Haakon had stormed out in a huff after the confrontation over his wife, and even Rurik gave up any pretense at trying to charm her, dwelling on his wine with a frown. The story of Haakon’s missing wife bothered him more than he’d like to admit.

A storm rumbled overhead as she found herself in the courtyard behind the inn. Freyja looked up with a harsh intake of breath. Lightning lashed the mountains that surrounded the town. The houses were spread far enough apart that there was little protection from the wind.

“What is going on?” she whispered. This mood; this itch. It didn’t feel entirely natural. Reaching out, she felt the rage of the storm slip through her fingers as though it were a herd of savage horses, whipped to fury by masters she couldn’t see.

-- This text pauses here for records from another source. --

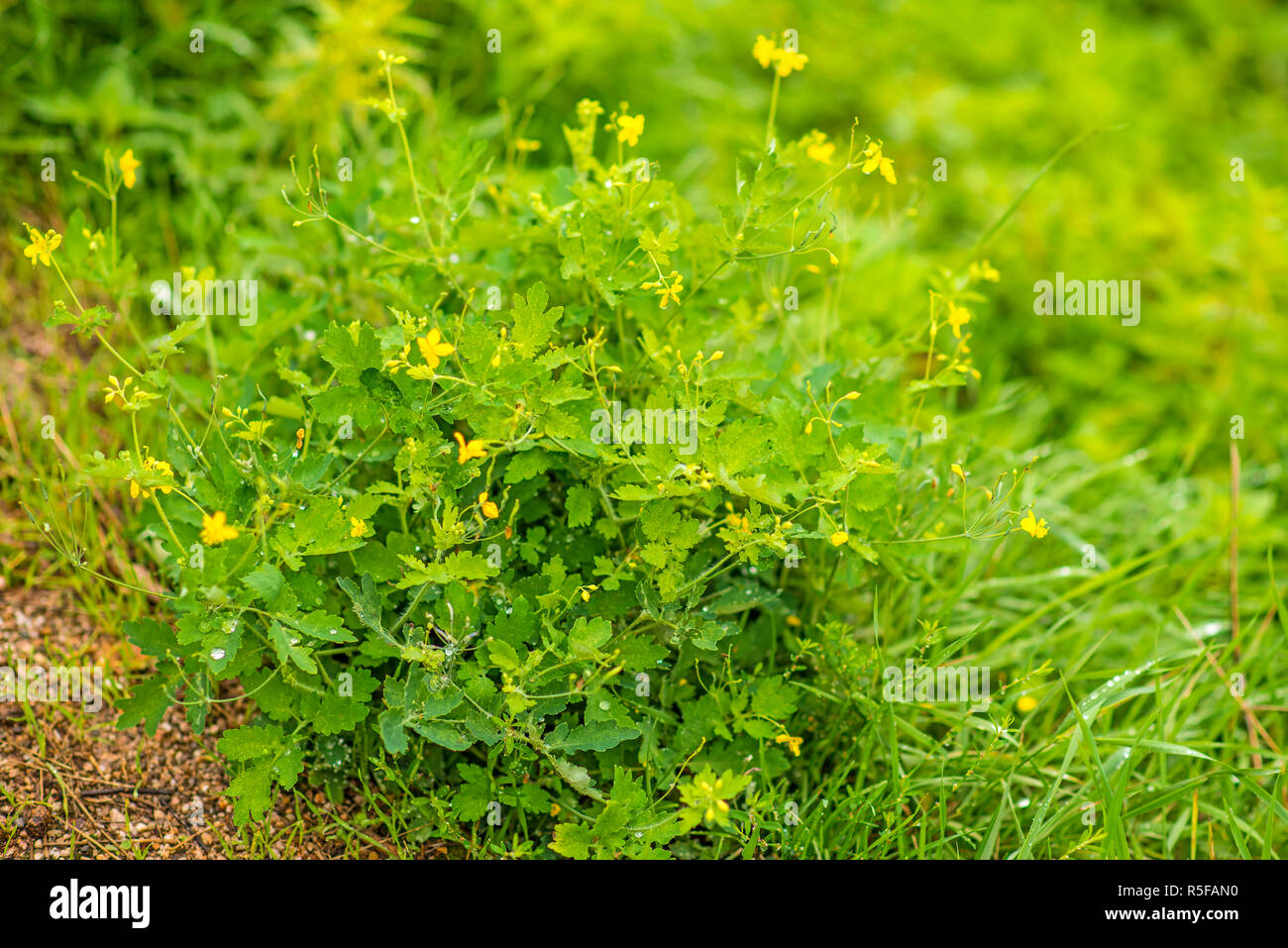 ,Celidonia chelidonium majus,planta medicinal con flor Foto de stock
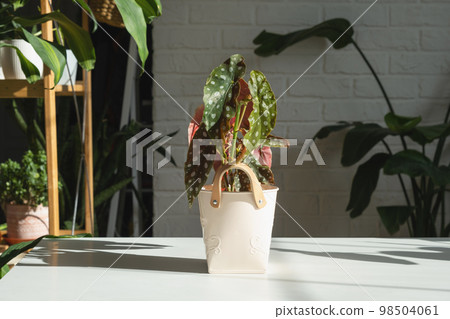 Home potted plant begonia maculata polka dot leaves decorative deciduous in interior on table of house. Hobbies in growing, greenhome Home potted plant begonia maculata polka dot leaves decorative deciduous in interior on table of house. Hobbies in growing, greenhome 98504061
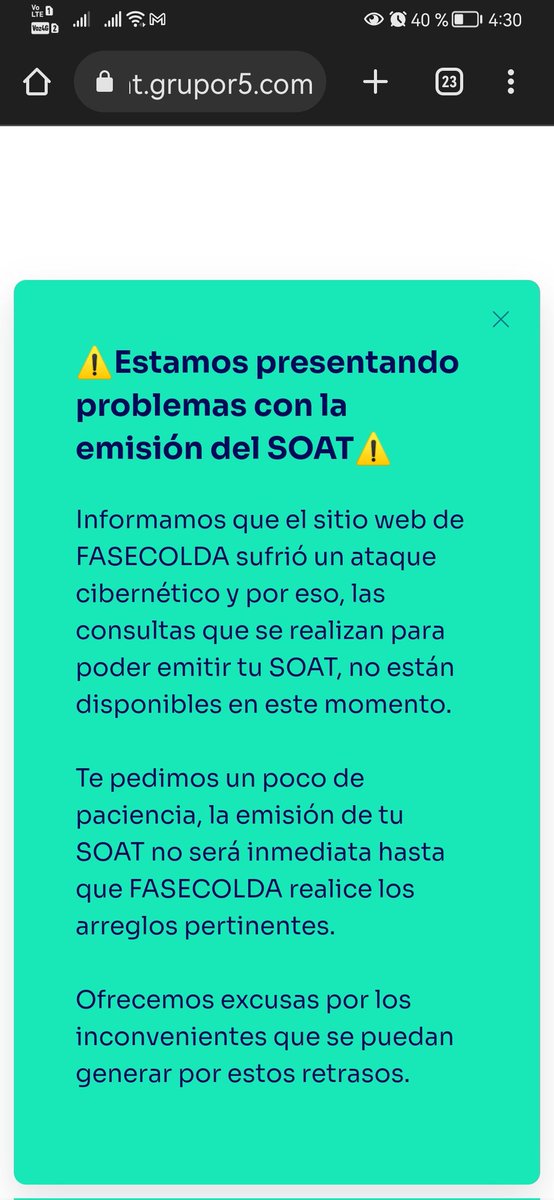 raquelortegab tweet media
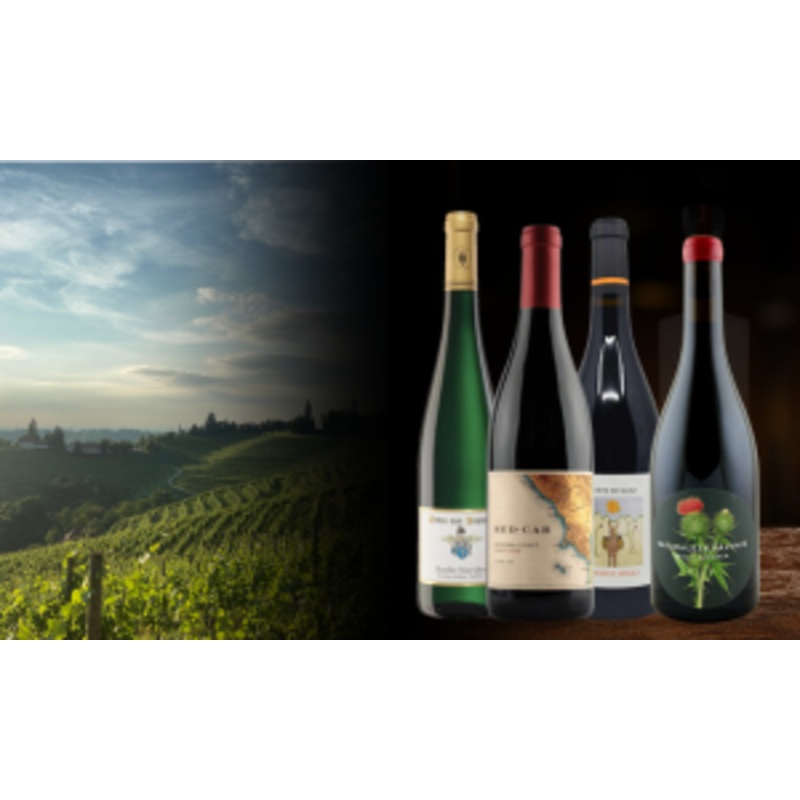 Wine (2-pack) (6-month-prepaid)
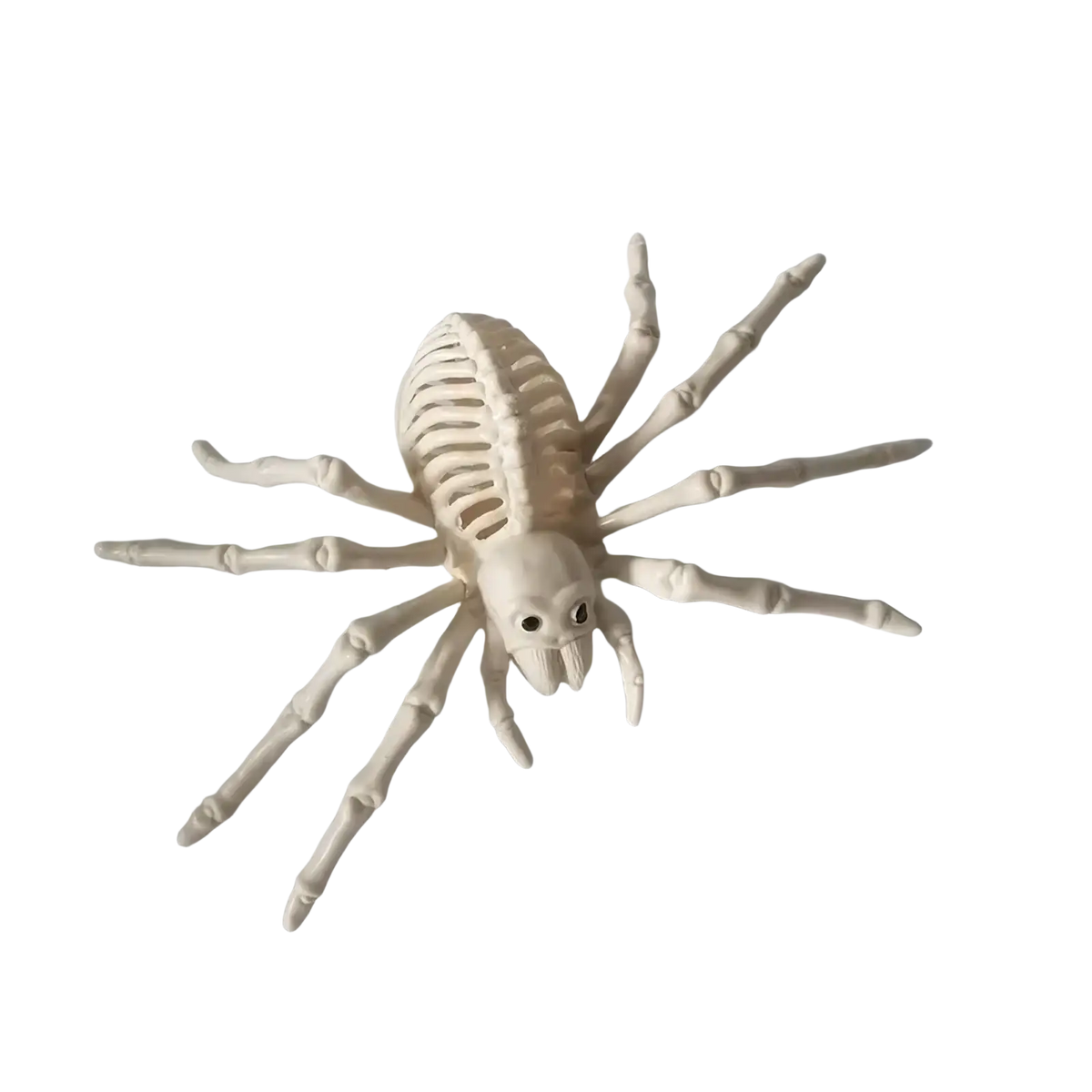 White plastic skeleton spider toy with articulated legs and black bead eyes from halloween animal skeleton props set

“Come.” A warm hand slid into hers, and Freyja looked down in shock as Rurik took her hand. She hadn’t realized he’d followed her out of the inn. His gloves were warm and he was the kind of hot-blooded man a woman would want in her bed on a cold night.

He wasn’t looking at her. Instead he stared toward the west, toward the origin of the storm, and that intense expression on his face deepened. His fingers slid between hers, locking their palms together.

“They say dreki ride the wings of such storms,” he finally murmured. “It would not do for either of us to be caught out this night.”

“I have to check on Hanna.”

Rurik stared at her for a long moment. “Follow me.”

Then he hurried her into the shadows of the stables. And madness of madness, she let him.